Plastik im Meer – Lösungen

Mit den von uns unterstützten Ocean Cleanup-Projekten gegen Plastik im Meer verfolgen wir die UN-Nachhaltigkeitsziele 1 (Bekämpfung der Armut), 12 (verantwortungsvoll konsumieren und produzieren) sowie das UN-Nachhaltigkeitsziel 14 (Leben unter Wasser). Gemeinsam mit unseren Partnern zeigen wir nachhaltige, ressourcenschonende und integrative Lösungen für Wege aus der Plastikfalle auf.

Plastik im Meer – Lösungen – reduce – reuse – recycle

Müllsammlerinnen am Strand mit vollen Müllsäcken

Social cleanups von Sana Mare, Müllsammlerinnen am Strand mit vollen Müllsäcken; Mombasa, Kenia, 17.4.2021 – Foto: Sana Mare

Dabei geht es „nicht nur“ darum, möglichst viel Plastikmüll aus der Umwelt zu entfernen und ihn dem Wertstoffkreislauf zuzuführen (recycle).

Integrativer Ansatz

Es geht auch darum, Menschen in armen Ländern bei gleichzeitig schlechter bzw. nicht vorhandener Entsorgungsinfrasturktur Lösungen für einen nachhaltigen Umgang mit Plastikmüll aufzuzeigen, z. B. mit Upcycling-Schulungen. Denn Plastikmüll hat einen verwertbaren und alltagstauglichen Nutzen (reuse & reduce).

Weniger Müll – weniger Armut

Mit der Förderung von „Müll Banken“ (Cash for Trash) oder fairen Löhnen für Clean-Up-Arbeiten erfahren die Menschen, dass Plastik ein Wertstoff ist. Sie lernen, dass man nachhaltig damit umgehen sollte. Hinzu kommt, die Einbindung von Frauen und ärmeren Menschen. Mit der Beseitigung von Plastikmüll helfen wir Ihnen, einen Weg aus der Armutsfalle zu finden.

Ressourcenverbrauch – Nachhaltigkeit – ökologischer Rucksack

Die von uns unterstützten Ocean Cleanup Projekte zeichnen sich durch ihre Nachhaltigkeit aus. Denn sie entfernen bei vergleichsweise bescheidenem finanziellen Aufwand viel Plastikmüll aus der Umwelt. Dabei bleiben technischer Aufwand, ökologischer Rucksack und CO2-Fußabdruck klein.

Die einheimische Bevölkerung ist eingebunden.
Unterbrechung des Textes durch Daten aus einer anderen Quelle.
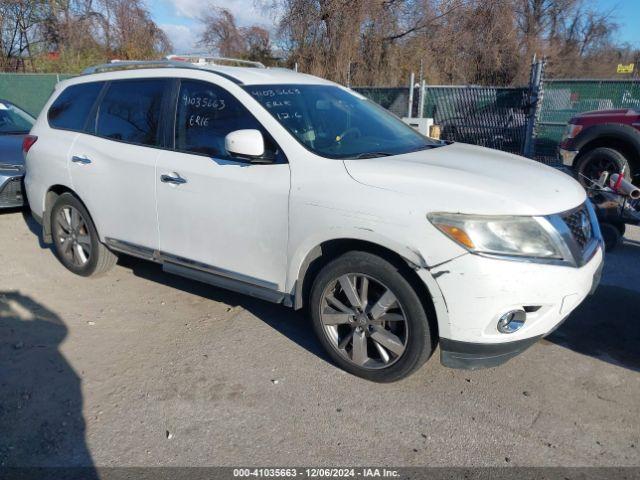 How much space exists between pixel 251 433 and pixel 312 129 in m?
1.99

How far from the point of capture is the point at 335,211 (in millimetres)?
3164

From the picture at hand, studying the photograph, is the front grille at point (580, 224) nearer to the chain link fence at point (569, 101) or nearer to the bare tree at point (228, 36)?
the chain link fence at point (569, 101)

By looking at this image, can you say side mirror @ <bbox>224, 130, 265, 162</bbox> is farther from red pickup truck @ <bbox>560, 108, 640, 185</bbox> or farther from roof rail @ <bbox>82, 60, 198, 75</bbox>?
red pickup truck @ <bbox>560, 108, 640, 185</bbox>

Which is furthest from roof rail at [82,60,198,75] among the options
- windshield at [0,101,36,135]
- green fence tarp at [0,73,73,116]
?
green fence tarp at [0,73,73,116]

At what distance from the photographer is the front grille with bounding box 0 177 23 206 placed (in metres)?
6.84

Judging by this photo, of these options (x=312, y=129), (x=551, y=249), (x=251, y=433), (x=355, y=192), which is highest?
(x=312, y=129)

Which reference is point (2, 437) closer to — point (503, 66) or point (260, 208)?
point (260, 208)

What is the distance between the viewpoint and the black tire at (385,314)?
3.04m

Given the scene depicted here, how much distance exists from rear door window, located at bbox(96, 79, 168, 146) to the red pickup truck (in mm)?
6132

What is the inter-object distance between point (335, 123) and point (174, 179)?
124 cm

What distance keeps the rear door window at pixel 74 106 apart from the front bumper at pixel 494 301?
11.7 feet

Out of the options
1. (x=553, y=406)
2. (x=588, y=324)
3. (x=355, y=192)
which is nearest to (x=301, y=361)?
(x=355, y=192)

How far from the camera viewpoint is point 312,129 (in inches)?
145

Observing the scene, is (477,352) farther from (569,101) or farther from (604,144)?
(569,101) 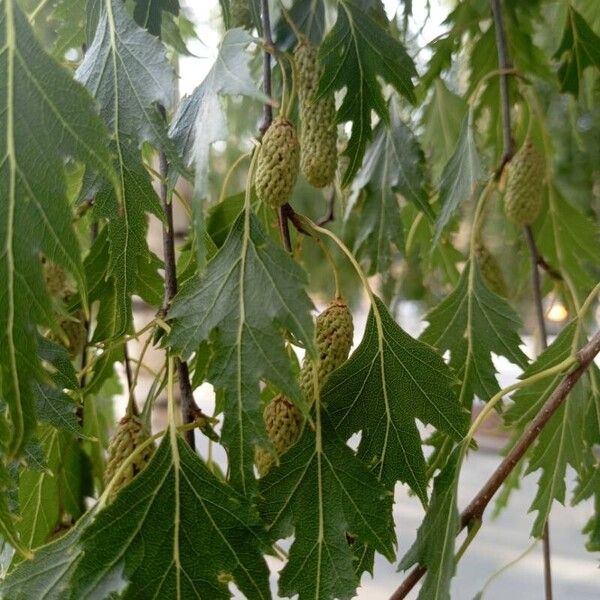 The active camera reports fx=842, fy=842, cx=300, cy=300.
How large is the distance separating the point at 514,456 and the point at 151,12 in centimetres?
23

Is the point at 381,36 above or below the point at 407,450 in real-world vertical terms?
above

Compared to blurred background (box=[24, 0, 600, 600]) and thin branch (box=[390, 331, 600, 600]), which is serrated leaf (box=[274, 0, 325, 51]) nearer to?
blurred background (box=[24, 0, 600, 600])

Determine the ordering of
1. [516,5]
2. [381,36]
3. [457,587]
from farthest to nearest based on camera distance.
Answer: [457,587] < [516,5] < [381,36]

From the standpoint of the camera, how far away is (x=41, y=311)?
0.81ft

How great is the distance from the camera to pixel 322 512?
321 mm

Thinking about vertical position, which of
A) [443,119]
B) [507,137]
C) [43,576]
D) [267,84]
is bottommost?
[43,576]

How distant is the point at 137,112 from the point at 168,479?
13 centimetres

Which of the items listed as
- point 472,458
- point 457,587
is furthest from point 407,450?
point 472,458

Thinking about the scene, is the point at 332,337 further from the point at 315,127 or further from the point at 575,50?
the point at 575,50

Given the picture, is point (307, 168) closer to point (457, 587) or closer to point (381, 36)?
point (381, 36)

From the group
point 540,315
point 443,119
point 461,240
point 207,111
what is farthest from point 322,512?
point 461,240

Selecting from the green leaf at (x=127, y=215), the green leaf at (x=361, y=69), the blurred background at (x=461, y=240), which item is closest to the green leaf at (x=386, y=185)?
the blurred background at (x=461, y=240)

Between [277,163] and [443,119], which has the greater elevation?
[443,119]

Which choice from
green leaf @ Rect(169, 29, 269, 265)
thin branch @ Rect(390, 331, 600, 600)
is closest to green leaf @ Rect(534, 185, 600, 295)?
thin branch @ Rect(390, 331, 600, 600)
Sie erfährt durch ihre Arbeit unmittelbare Vorteile. Alle unsere Lösungen für das Problem Plastik im Meer sind konsequent Recycling-Gesichtspunkten ausgerichtet und gezielt für eine einfache Umsetzung in Entwicklungs- und Schwellenländern konzipiert.

👉 Aktuelle Förderungen Plastik im Meer – Ocean Cleanup

Banda-Inseln in Indonesien
BandaSEA e.V.

Uganda, Kenia, Philippinen
sana mare e.V.

Insel Malapascua, Philippinen
People and the sea


👉 Plastik im Meer – Lösungen – Helfen Sie mit!


Plastik im Meer – Tödliche Gefahr für Meerestiere

Zwischen 60 bis 80 Prozent des Mülls, der jedes Jahr im Meer landet, besteht mittlerweile aus Plastikabfällen. Man nimmt an, dass die erst seit etwa 1950 in größerem Stil produzierten künstlichen Polymerprodukte dort mehrere hundert Jahre überdauern. Auch wenn der größte Teil auf den Meeresgrund sinkt – wahrscheinlich etwa 70 Prozent (laut UNEP) –, vieles auch wieder an Land getrieben wird, bildet der in der Wassersäule verbleibende Rest eine gefährliche Gemengelage.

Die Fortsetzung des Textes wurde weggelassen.